More quietly they strike cautionary notes. "This may be the most complicated conflict of our generation," said a senior administration official, who was granted anonymity to speak frankly.
The reality - as Obama learned in the aftermath of the attacks in Paris and San Bernardino, California - is that impressive battlefield statistics and reasoned calls for restraint mean little in the climate of fear generated by terror strikes.
Obama in Cuba struck a familiar tone in the immediate aftermath of the Brussels attacks. He projected resolve, insisting "we can and will defeat those who threaten the safety and security of people all around the world".
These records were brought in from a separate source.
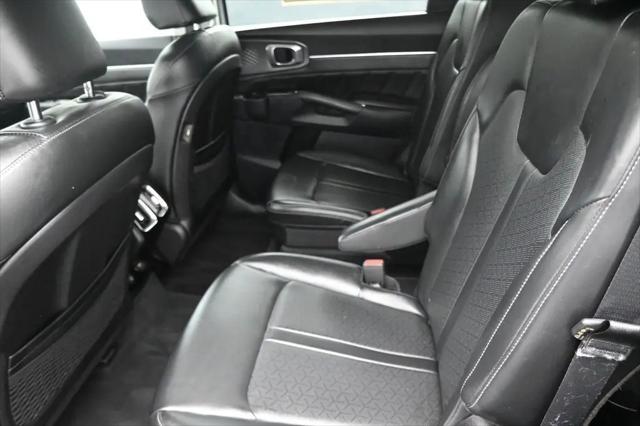 2022 Kia Sorento SX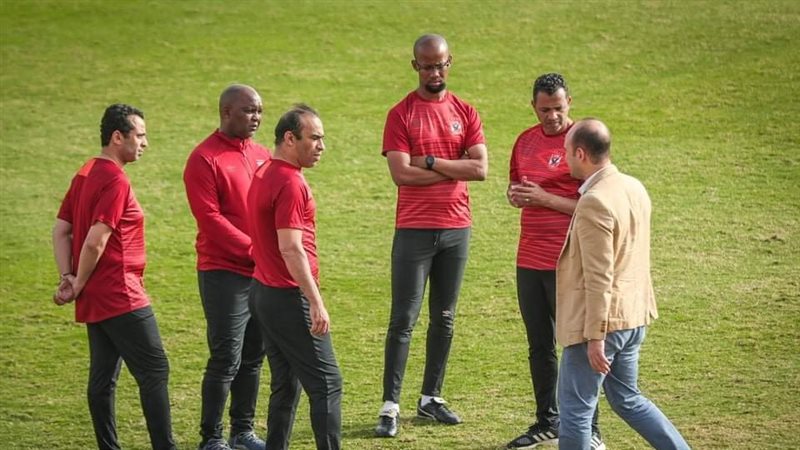 الجهاز الفني للنادي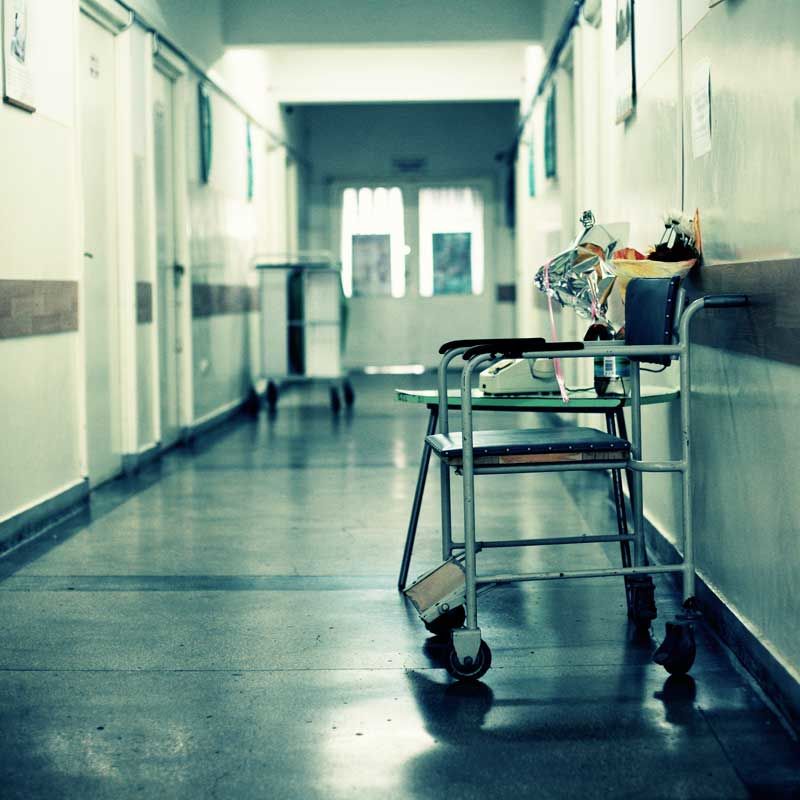 Alarmant: Circa 1.300 de moldoveni au ajuns la spital cu intoxicaţii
But the brevity of his remarks and his eagerness to pivot quickly back to his prepared speech also made clear that he was determined to keep the threat posed by the terror group in perspective.
The fundamental problem for Obama is that he is convinced, based on his experience in Iraq and Afghanistan, that intensifying the fight against Isis with more American troops, more airstrikes and raids is counterproductive.
The White House and Pentagon have studied options that would accelerate the timeline for major attacks designed to clear Isis from its main strongholds of Raqqa in Syria and Mosul in Iraq. Such plans could include increasing the number of US combat advisers, pushing them closer to the front lines and loosening combat rules designed to minimise civilian casualties.
But Obama has rejected those options, arguing that if there are no Iraqi or Syrian forces to hold the seized territory and provide humanitarian assistance the gains will be short-lived, said senior Administration officials.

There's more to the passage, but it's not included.